Peccato che l’improvvisa catastrofe pare colpire duramente anche il resto della trama.
Quello che viene meno in La fine è la tensione, perché il crollo della società non viene curato a sufficienza, ma lo si da per scontato, troppo rapido. Questo filone narrativo ha dei punti di riferimento di altro spessore (La strada di McCarthy in primis), e quindi scontrandoti con simili capolavori devi mostrare di poter rivaleggiare alla pari.
Rosenthal cerca con una certa bravura di giocare sulle inquadrature, su alcuni dettagli particolarmente suggestivi per dare ancora più valenza alla storia, ma quelle che viene meno è una solidità narrativa minima. Manca, in parole povere, la storia.
Non bastano una serie di eventi messi in successione, non ci si accontenta di qualche scena action abbastanza discutibile ed altamente improbabile (vedi la scena del ponte), un film come La fine deve basarsi sulla tensione. E qui, purtroppo, il film perde di consistenza.
Da un lato ho apprezzato il non far sapere cosa sia realmente la catastrofe che da origine al viaggio, perché quel senso di mistero può essere un ulteriore elemento di ansia. Ma è piuttosto difficile mantenere questa agitazione, se non vengono dati altri tasselli che diano visione alla trama.

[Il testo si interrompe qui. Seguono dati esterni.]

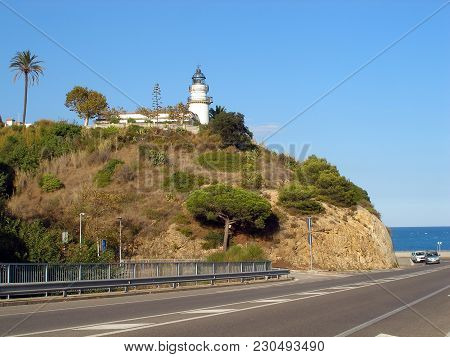 Lighthouse On A Mountain And Road Beside Sea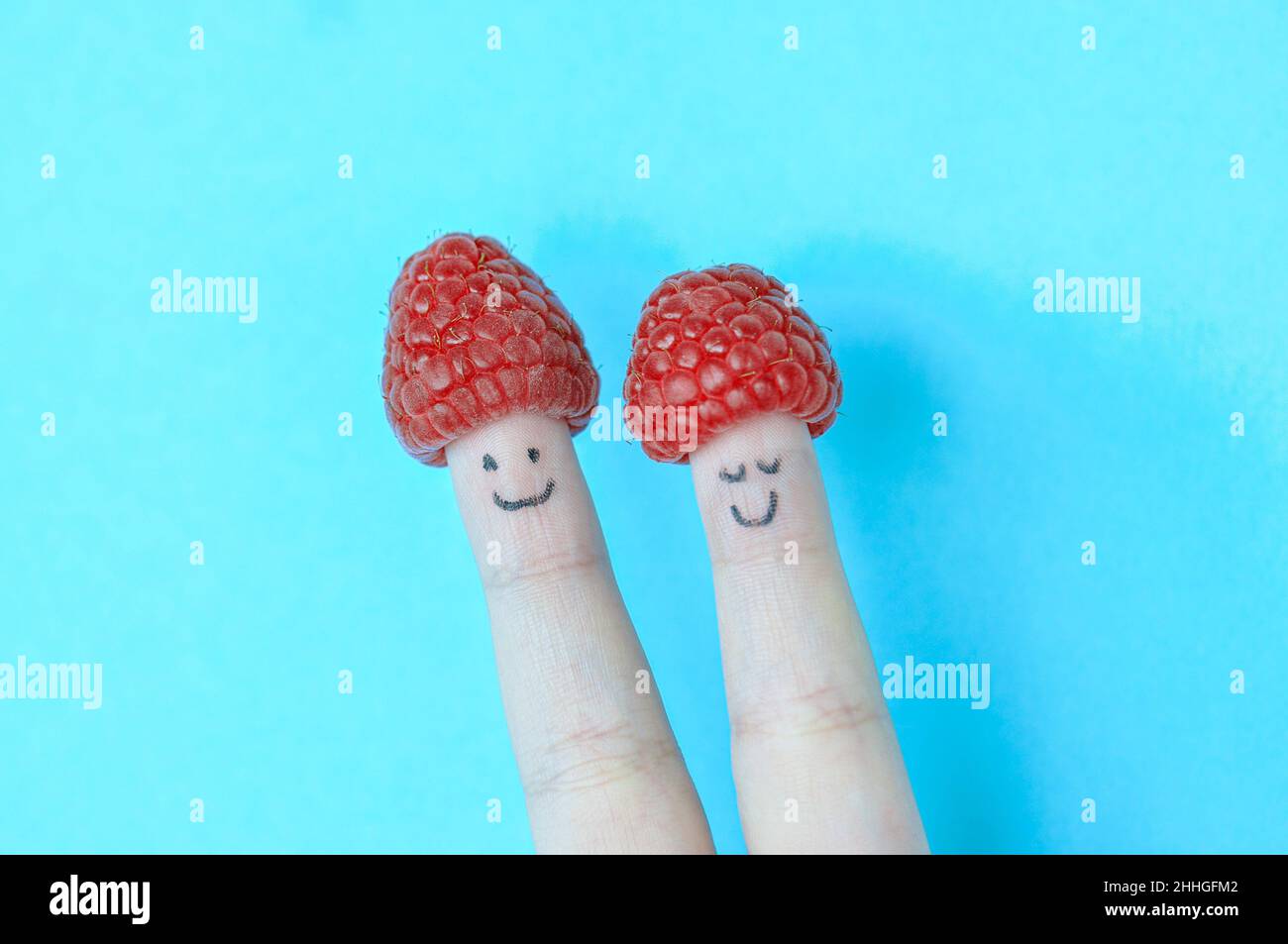 Due dita con sorrisi e lampone come cappello. Sfondo blu. Foto Stock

Il voler inserire la figura della giovane Ricki era un’altra bella idea, ma anch’essa viene sprecata nel trasformare la ragazzina nel contraltare di un mutamento interiore di Will troppo repentino e poco credibile.

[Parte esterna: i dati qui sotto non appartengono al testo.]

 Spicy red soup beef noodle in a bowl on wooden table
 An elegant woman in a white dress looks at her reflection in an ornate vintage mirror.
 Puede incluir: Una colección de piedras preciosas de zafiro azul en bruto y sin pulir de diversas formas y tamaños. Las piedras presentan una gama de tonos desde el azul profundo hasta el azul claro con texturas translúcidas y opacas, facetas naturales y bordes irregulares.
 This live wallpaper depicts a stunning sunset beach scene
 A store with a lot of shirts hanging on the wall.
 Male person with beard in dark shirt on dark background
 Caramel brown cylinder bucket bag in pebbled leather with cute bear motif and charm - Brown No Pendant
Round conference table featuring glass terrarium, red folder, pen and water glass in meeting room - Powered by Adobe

La sensazione che ho avuto a metà film è che non si volesse più raccontare una storia in divenire, ma imporre una serie di punti fermi da accettare senza farsi domande. Manca tutto lo sviluppo, il crescendo emotivo viene, infine, ammazzato nella parte finale del film, dove La fine mostra inesorabilmente la propria fragilità.

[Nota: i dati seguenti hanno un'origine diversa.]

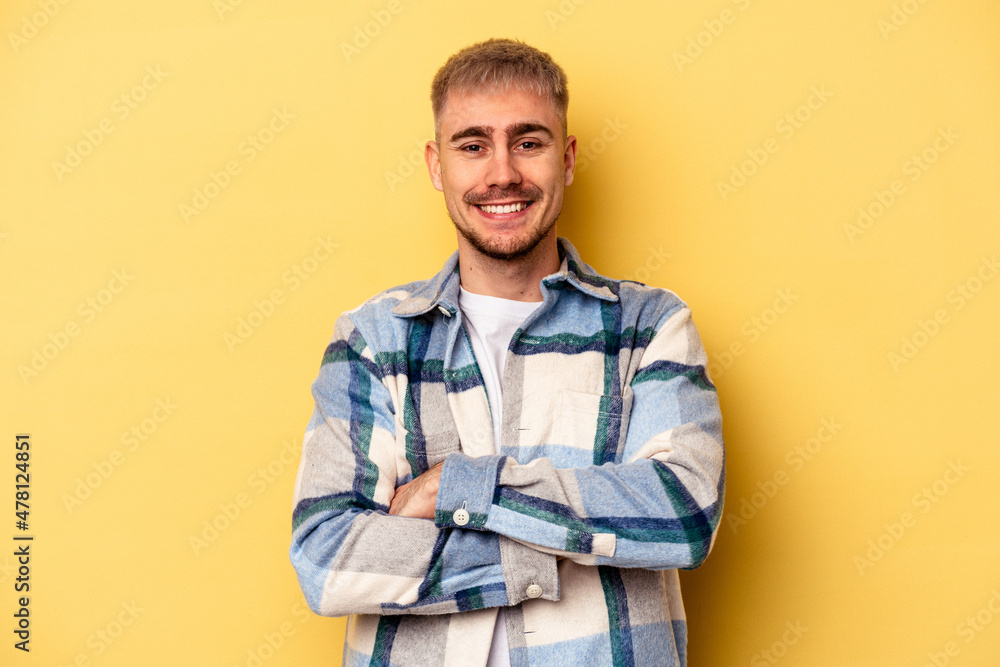 Young caucasian man isolated on yellow background who feels confident, crossing arms with determination. Young caucasian man isolated on yellow background who feels confident, crossing arms with determination.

Peccato, perché visivamente in La fine sono presenti delle scelte stilistiche intriganti e ben inserite, capaci di dare qualche sferzata emotiva in un film altrimenti insolitamente piatto e privo di brio, dove invece erano necessari ansia e senso drammatico.
La fine è quindi un nuovo segnale d’allarme per Netflix. Il canale di streaming deve iniziare a ragionare meno in termini di quantità e più sulla qualità della propria offerta, soprattutto considerata la concorrenza sempre più spietata e la voglia degli spettatori di godersi film di un certo spessore.